* REQUIRED WORK
Retype exactly what appears below from the line containing "Fotobehang Les Menuires" down to the line containing "Oscar de la", keeping both end lines. Do not include pictures.

* EXERCISE INPUT

-- Opening Marker --

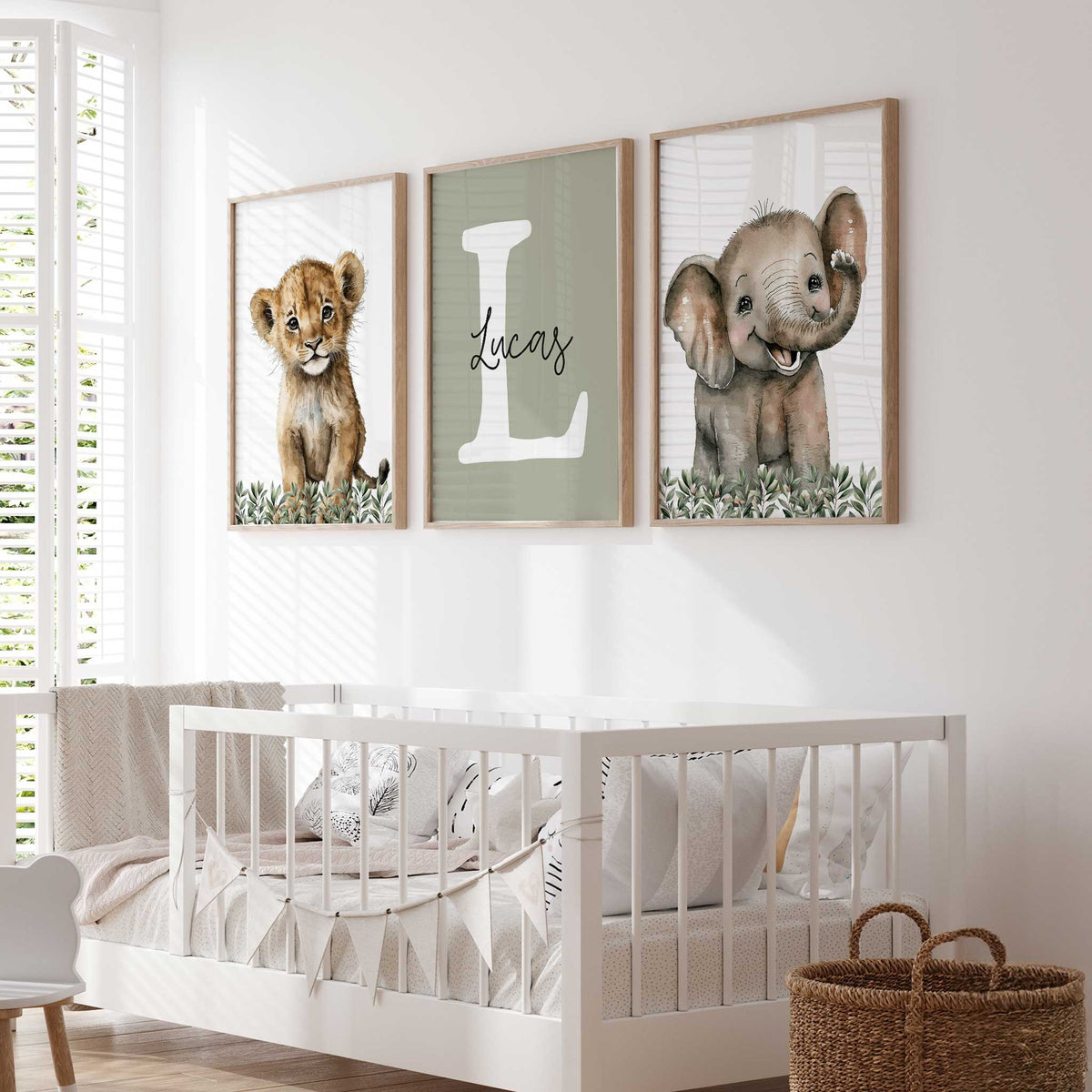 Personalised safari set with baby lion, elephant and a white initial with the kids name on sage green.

-- Closing Marker --
-- Opening Marker --

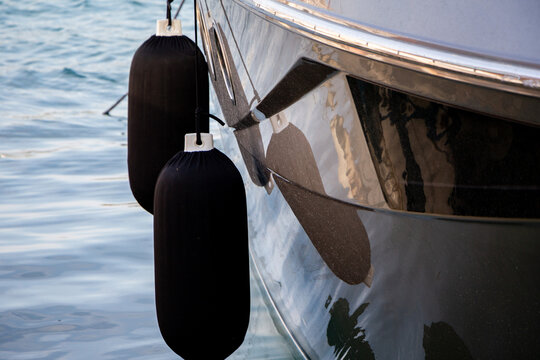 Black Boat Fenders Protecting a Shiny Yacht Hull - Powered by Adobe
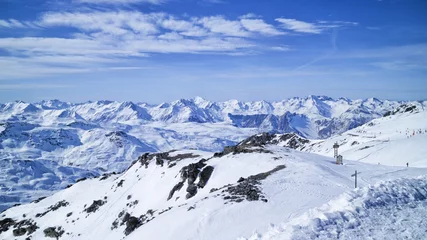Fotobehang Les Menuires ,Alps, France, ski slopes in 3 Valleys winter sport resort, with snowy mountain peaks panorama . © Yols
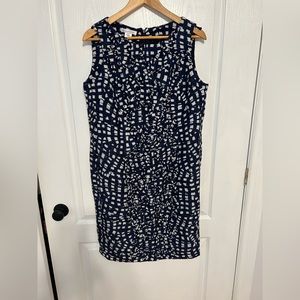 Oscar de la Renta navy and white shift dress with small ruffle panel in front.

-- Closing Marker --

* RESPONSE
Fotobehang Les Menuires ,Alps, France, ski slopes in 3 Valleys winter sport resort, with snowy mountain peaks panorama . © Yols
 Oscar de la Renta navy and white shift dress with small ruffle panel in front.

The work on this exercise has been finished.